(Stored data entries)
********

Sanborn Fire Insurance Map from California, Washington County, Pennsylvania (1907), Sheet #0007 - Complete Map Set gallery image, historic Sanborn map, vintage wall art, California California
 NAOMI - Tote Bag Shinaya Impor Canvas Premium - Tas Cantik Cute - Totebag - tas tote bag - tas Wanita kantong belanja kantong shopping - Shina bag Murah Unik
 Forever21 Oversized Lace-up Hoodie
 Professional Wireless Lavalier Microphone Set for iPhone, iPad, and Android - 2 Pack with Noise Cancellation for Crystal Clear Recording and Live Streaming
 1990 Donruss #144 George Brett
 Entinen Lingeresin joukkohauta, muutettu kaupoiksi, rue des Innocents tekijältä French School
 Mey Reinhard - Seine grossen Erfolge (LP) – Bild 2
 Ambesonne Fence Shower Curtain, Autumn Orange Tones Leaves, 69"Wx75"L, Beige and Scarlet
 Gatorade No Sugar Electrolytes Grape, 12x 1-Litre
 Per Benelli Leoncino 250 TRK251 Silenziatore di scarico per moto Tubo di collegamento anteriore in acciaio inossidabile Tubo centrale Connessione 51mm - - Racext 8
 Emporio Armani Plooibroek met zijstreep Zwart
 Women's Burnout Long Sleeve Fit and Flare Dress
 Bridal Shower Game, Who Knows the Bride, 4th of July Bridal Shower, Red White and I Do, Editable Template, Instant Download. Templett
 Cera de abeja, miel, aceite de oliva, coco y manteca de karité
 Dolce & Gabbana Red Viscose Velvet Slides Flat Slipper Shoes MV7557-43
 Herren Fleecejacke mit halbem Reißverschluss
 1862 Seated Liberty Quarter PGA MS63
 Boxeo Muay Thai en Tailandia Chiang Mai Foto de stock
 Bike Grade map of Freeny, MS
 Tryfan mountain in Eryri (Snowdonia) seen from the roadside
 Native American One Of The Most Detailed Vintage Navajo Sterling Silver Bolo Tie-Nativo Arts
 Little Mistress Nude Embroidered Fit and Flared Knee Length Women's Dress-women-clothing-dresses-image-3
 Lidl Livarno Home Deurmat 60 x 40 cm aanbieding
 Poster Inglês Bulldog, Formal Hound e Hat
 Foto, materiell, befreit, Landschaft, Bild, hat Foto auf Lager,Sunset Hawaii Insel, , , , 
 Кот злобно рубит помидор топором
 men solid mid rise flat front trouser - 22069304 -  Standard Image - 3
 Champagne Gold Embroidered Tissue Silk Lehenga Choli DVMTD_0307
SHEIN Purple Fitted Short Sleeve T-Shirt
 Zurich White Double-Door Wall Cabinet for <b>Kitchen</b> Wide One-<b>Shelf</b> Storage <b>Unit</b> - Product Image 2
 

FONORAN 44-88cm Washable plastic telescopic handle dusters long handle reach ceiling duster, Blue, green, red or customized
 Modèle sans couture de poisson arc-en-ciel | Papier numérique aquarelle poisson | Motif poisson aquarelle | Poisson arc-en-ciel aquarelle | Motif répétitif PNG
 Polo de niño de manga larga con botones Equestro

********

• _ACTIVITY_
Reproduce, word for word, every line starting at the line that contains "men solid mid" and ending with the final line of the entries.

• _YOUR RESPONSE_
 men solid mid rise flat front trouser - 22069304 -  Standard Image - 3
 Champagne Gold Embroidered Tissue Silk Lehenga Choli DVMTD_0307
SHEIN Purple Fitted Short Sleeve T-Shirt
 Zurich White Double-Door Wall Cabinet for <b>Kitchen</b> Wide One-<b>Shelf</b> Storage <b>Unit</b> - Product Image 2
 

FONORAN 44-88cm Washable plastic telescopic handle dusters long handle reach ceiling duster, Blue, green, red or customized
 Modèle sans couture de poisson arc-en-ciel | Papier numérique aquarelle poisson | Motif poisson aquarelle | Poisson arc-en-ciel aquarelle | Motif répétitif PNG
 Polo de niño de manga larga con botones Equestro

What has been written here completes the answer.